*Work request*: Take the records below and set down exactly the lines from the one with "TRIO Leuchten Außen-Wandleuchte" to the one with "Icon Set Kindergarten.", ends included; do not copy the pictures.

=== Section Start ===

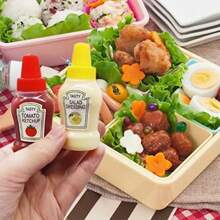 4pcs Mini Portable Salad Dressing Bottles - Durable PP Plastic Seasoning Containers, Suitable For Picnics, Camping And Dining Out (Ketchup, Honey Mustard, Soy Sauce, Oil)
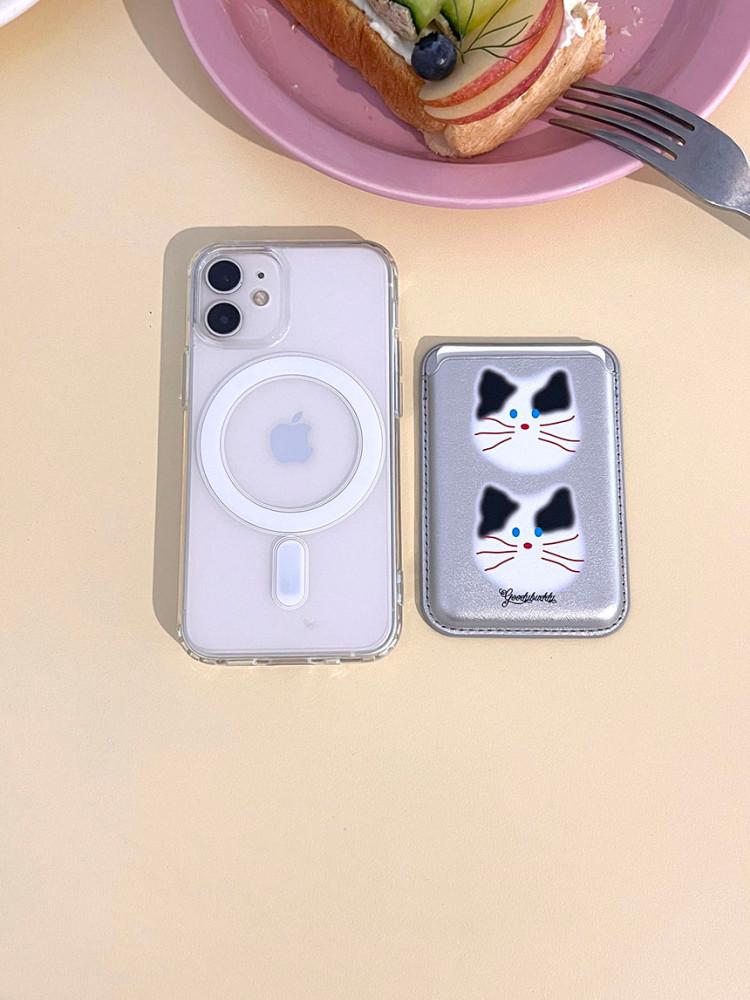 구디버디, 기본맥세이프+실버 스팟 태비 카드 포켓 세트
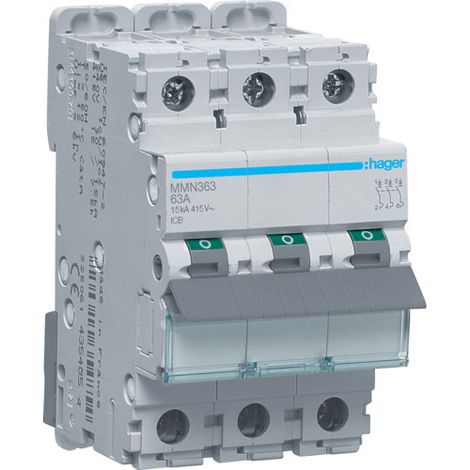 Disjoncteur magnétique 3P 15kA 63A 400V access. indicateur IEC 947-2 (MMN363)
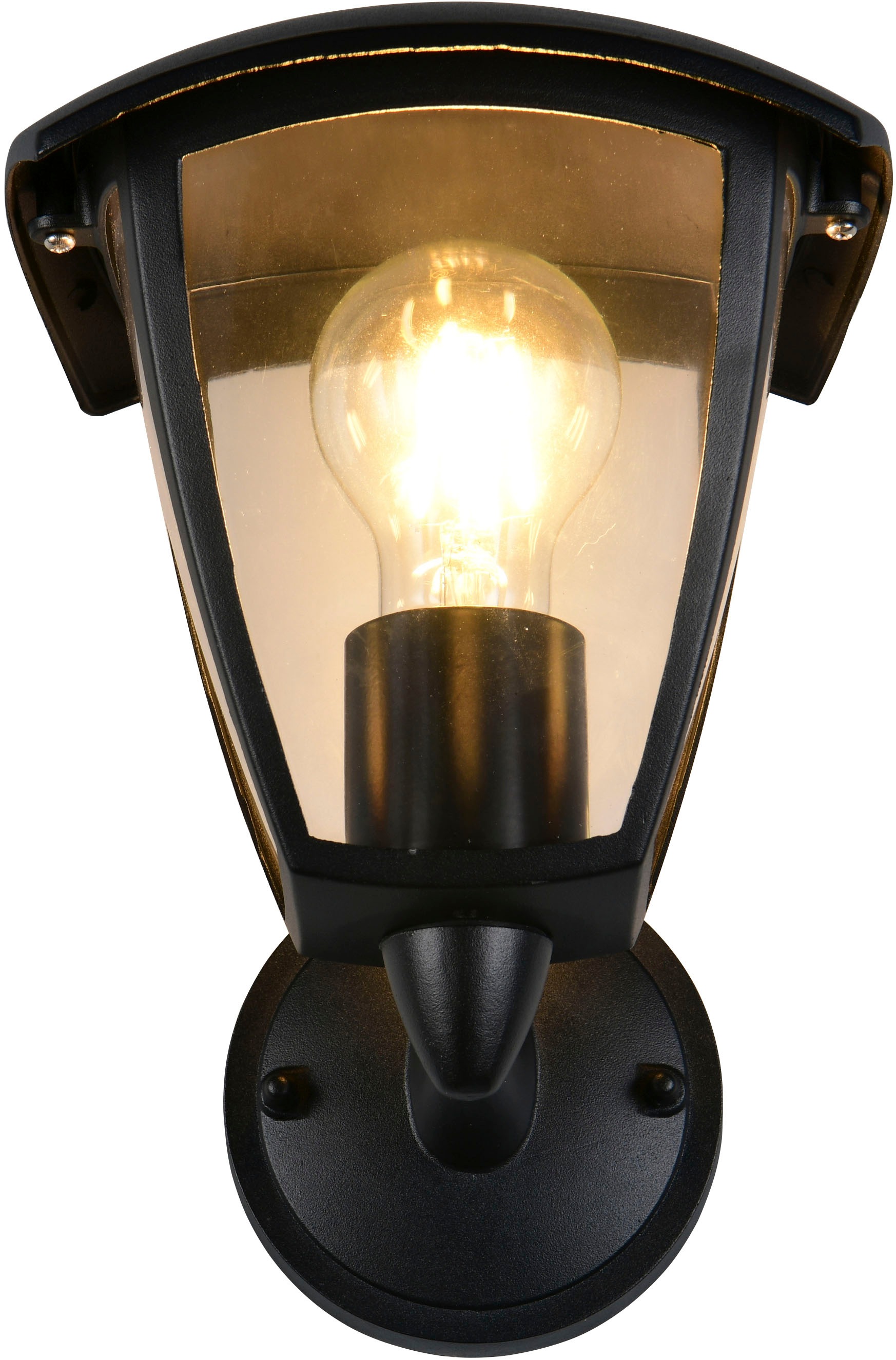 TRIO Leuchten Außen-Wandleuchte »VENTA, Laterne Hauswand Fassadenbeleuchtung, exkl 1x E27 max 10W, IP44«, 1 flammig, Leuchtmittel E27 | Leuchtmittel wechselbar, Wandlampe Laternen-Optik, aufwärts gerichtet, Schirm Kunststoff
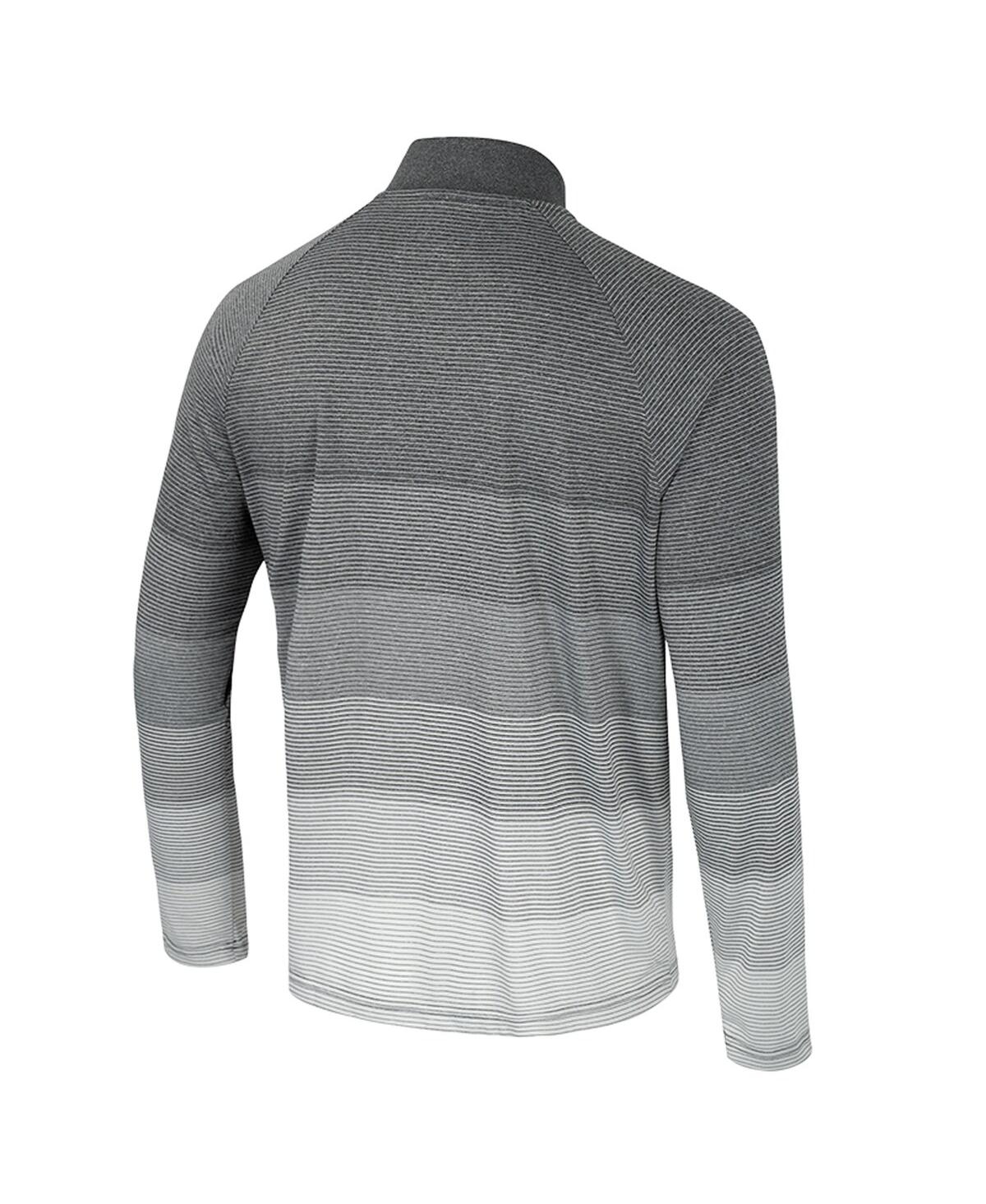 Colosseum Men's Gray Kansas Jayhawks Ai Striped Mesh Quarter-Zip Raglan Windshirt Jacket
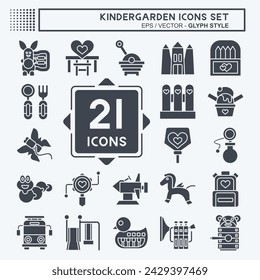 Icon Set Kindergarten. related to Holiday symbol. glyph style. simple design editable. simple illustration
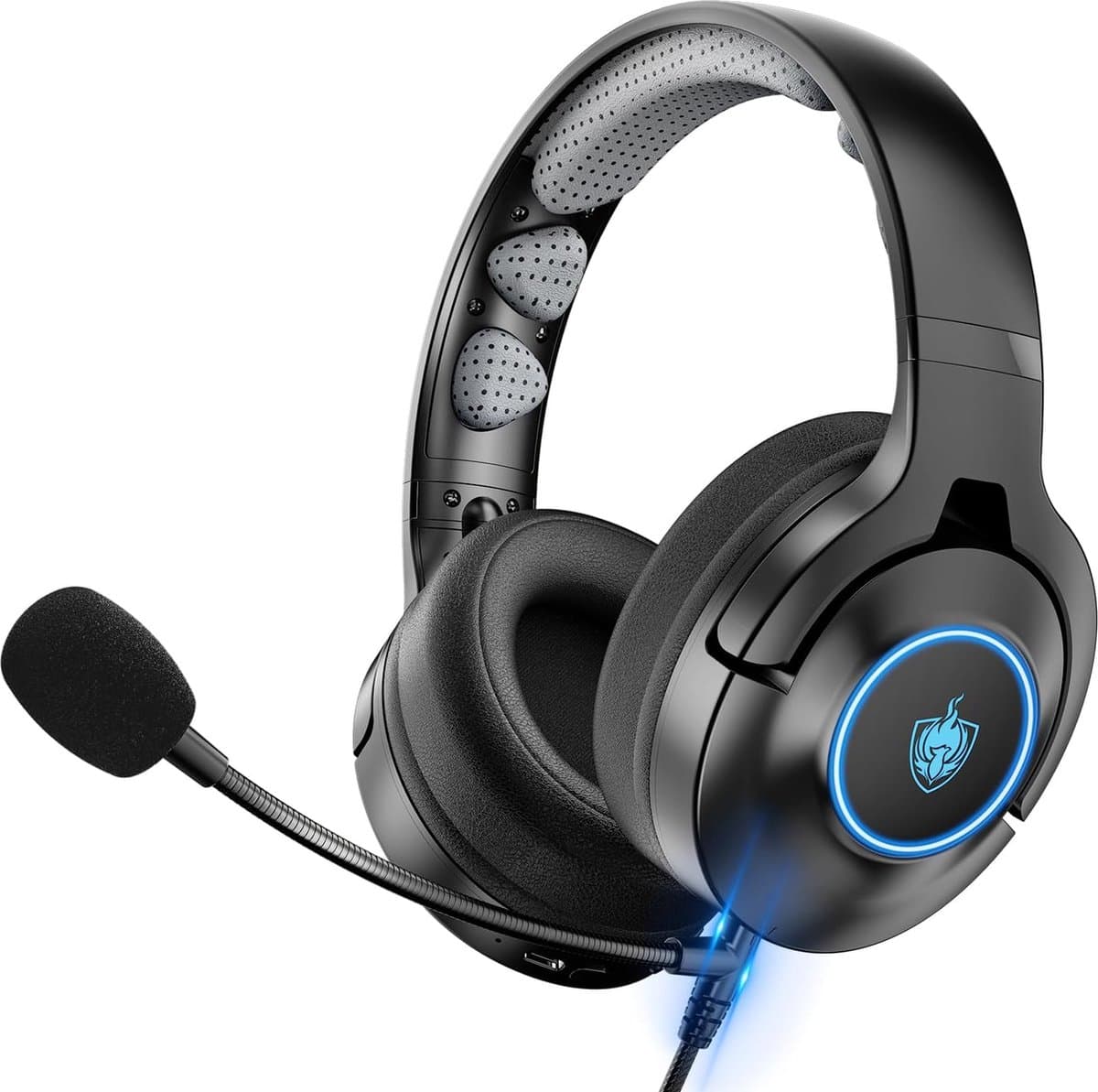 StayPowered Gaming Headset - Meeslepend Geluid & Bluetooth Vrijheid - Multiplatform Compatibiliteit - 3D Stereo Surround - Ruisonderdrukkende Microfoon - Lange Batterijduur (40 Uur) - Plug & Play - Blauw - Levering Sneller dan Aangegeven!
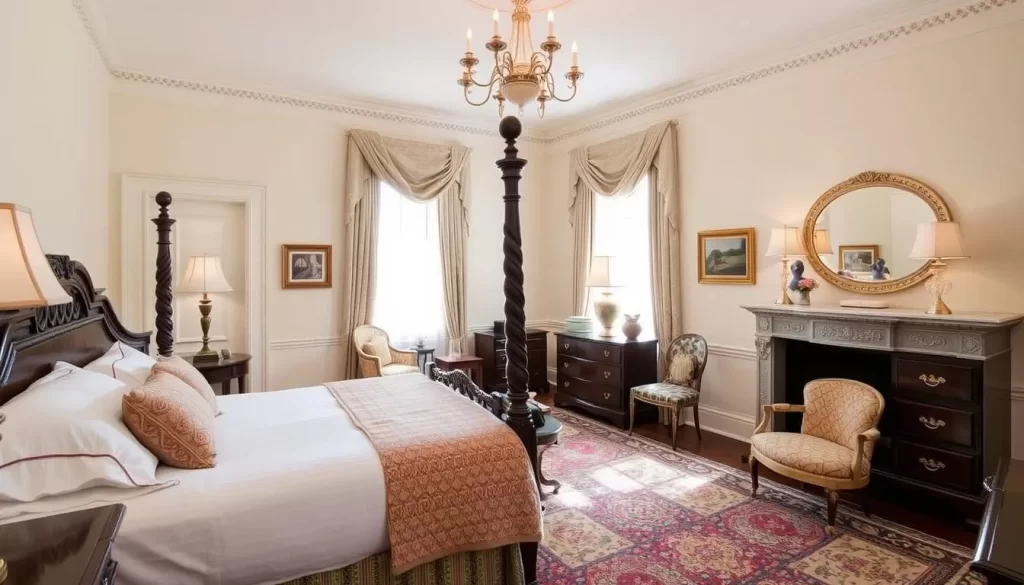 An image of The Sayre Mansion's elegant guest room with antique furnishings.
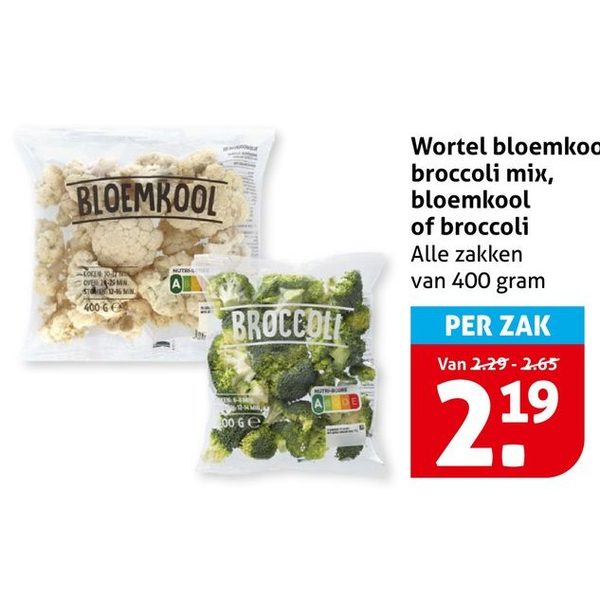 Wortel bloemkool broccoli mix, bloemkool of broccoli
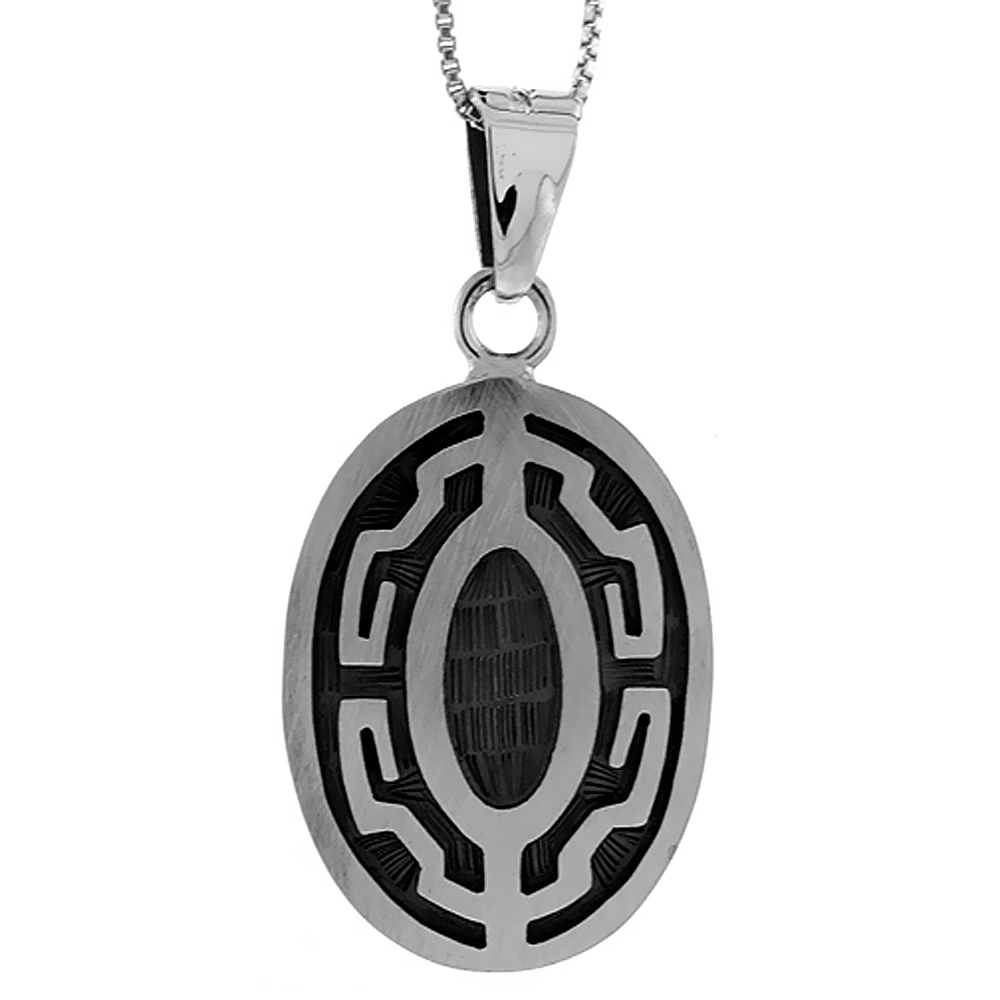 STERLING SILVER GREEK KEY PENDANT HANDMADE, 1 1/4 INCH LONG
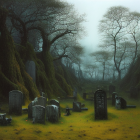 Misty graveyard with moss-covered tombstones and colorful leaves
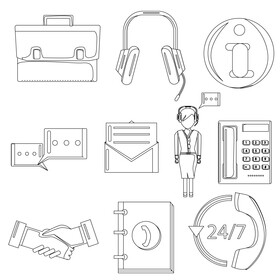 Consultant set black and white vector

=== Section End ===

*Result of this task*:
 TRIO Leuchten Außen-Wandleuchte »VENTA, Laterne Hauswand Fassadenbeleuchtung, exkl 1x E27 max 10W, IP44«, 1 flammig, Leuchtmittel E27 | Leuchtmittel wechselbar, Wandlampe Laternen-Optik, aufwärts gerichtet, Schirm Kunststoff
 Colosseum Men's Gray Kansas Jayhawks Ai Striped Mesh Quarter-Zip Raglan Windshirt Jacket
 Icon Set Kindergarten. related to Holiday symbol. glyph style. simple design editable. simple illustration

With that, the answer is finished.